Since the early ‘90s, Apple has used the country of Ireland to give itself a substantial discount on its tax burden. The company’s relationship with Ireland began in 1981 when Apple opened a manufacturing plant in Holyhill on the outskirts of Cork. The deal gave Apple access to the highest levels of power in the country and, a decade later, Apple leveraged its position as one of the area’s biggest employers to negotiate its tax rate down.
#EUGeneralCourt annuls the decision taken by the @EU_Commission regarding the Irish #TaxRulings in favour of @Apple #Apple #EUCommission #StateAid pic.twitter.com/KoF6r1n82S
— EU Court of Justice (@EUCourtPress) July 15, 2020
In 2014, the Financial Times published details of these early ‘90s meetings in which Apple appeared to dictate how much it was prepared to pay in tax. There seemed to be an agreement that the company would pay a capped figure no greater than $40 million, and no more. In the report, there’s a reference to the use of transfer pricing — a system used to calculate intra-company transactions — which may suggest officials thought Apple was pushing money around its various businesses.

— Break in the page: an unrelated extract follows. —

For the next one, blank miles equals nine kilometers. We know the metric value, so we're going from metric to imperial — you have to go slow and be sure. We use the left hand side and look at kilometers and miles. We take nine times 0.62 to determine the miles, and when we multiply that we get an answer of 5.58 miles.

Ireland’s corporation tax rate was historically low, and a number of big companies sought to take advantage of the advantageous rates. One very common method of tax avoidance is to use the “Double Irish,” or its more-complicated sibling, the “Double Irish with a Dutch Sandwich.” In both instances, companies push profits to a subsidiary registered in a tax haven, that then buys and sells some intangible asset from an offshore registered entity. The Dutch version only requires a further set of transactions to a company registered in the Netherlands before making its way to a bank account registered in Ireland but held offshore.
The forms of legal tax avoidance are known as Base Erosion and Profit Shifting, and have come under intense scrutiny in the last decade. In the European Union, specifically, there are strict laws ensuring that governments cannot give favorable treatment to players headquartered in their own country. In order to keep the market fair and free, companies cannot quietly get financial help from governments, which is better known as “state aid.”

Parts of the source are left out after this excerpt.